◆ **ABOUT THIS TASK**
Every line of the records below from the line with "Rose gold Channel" up to and including the line with "Wojas Dark Brown" must be reproduced exactly, and no line outside that range.

◆ **INFORMATION**
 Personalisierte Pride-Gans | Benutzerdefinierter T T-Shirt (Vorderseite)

...

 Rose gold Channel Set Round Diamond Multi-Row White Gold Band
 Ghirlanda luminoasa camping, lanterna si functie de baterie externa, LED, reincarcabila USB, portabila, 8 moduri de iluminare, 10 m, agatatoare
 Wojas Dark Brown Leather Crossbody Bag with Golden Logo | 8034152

◆ **SOLUTION BELOW**
 Rose gold Channel Set Round Diamond Multi-Row White Gold Band
 Ghirlanda luminoasa camping, lanterna si functie de baterie externa, LED, reincarcabila USB, portabila, 8 moduri de iluminare, 10 m, agatatoare
 Wojas Dark Brown Leather Crossbody Bag with Golden Logo | 8034152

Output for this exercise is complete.